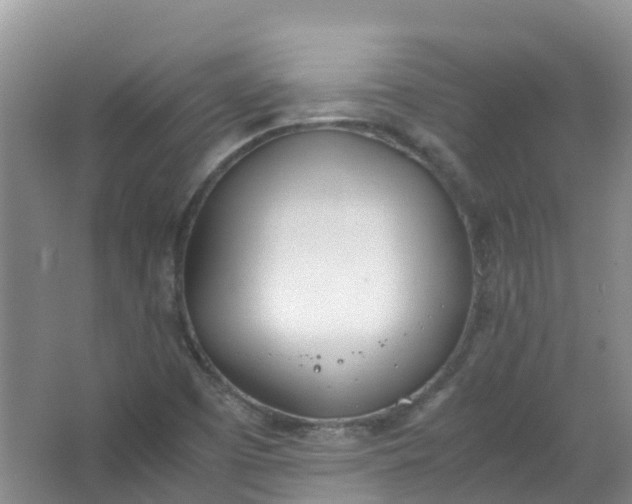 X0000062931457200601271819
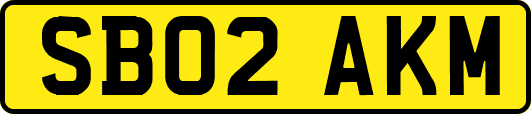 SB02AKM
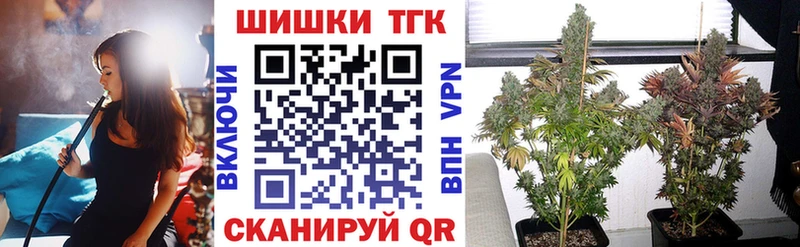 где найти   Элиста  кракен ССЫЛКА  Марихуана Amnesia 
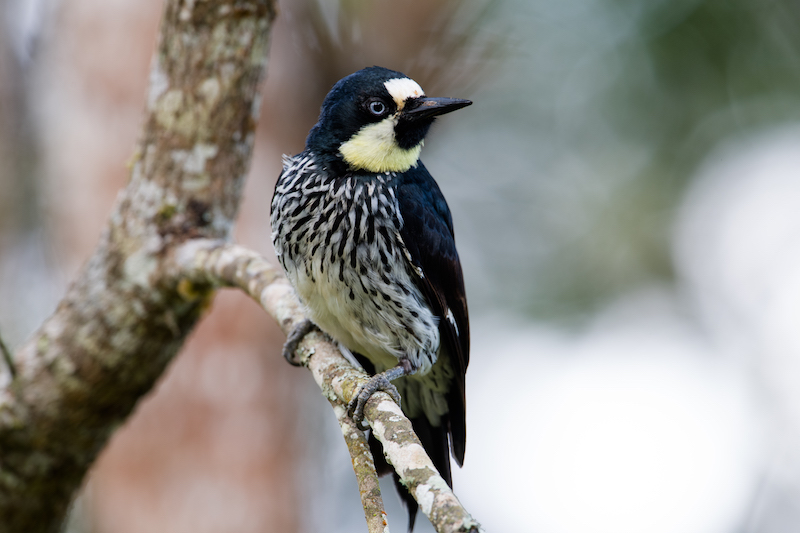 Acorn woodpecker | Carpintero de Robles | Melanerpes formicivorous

..............................

■ **Your goal**:
Copy each line above precisely, dropping the pictures.

■ **Solution to this task**:
 X0000062931457200601271819
 SB02AKM
 где найти   Элиста  кракен ССЫЛКА  Марихуана Amnesia 
 Acorn woodpecker | Carpintero de Robles | Melanerpes formicivorous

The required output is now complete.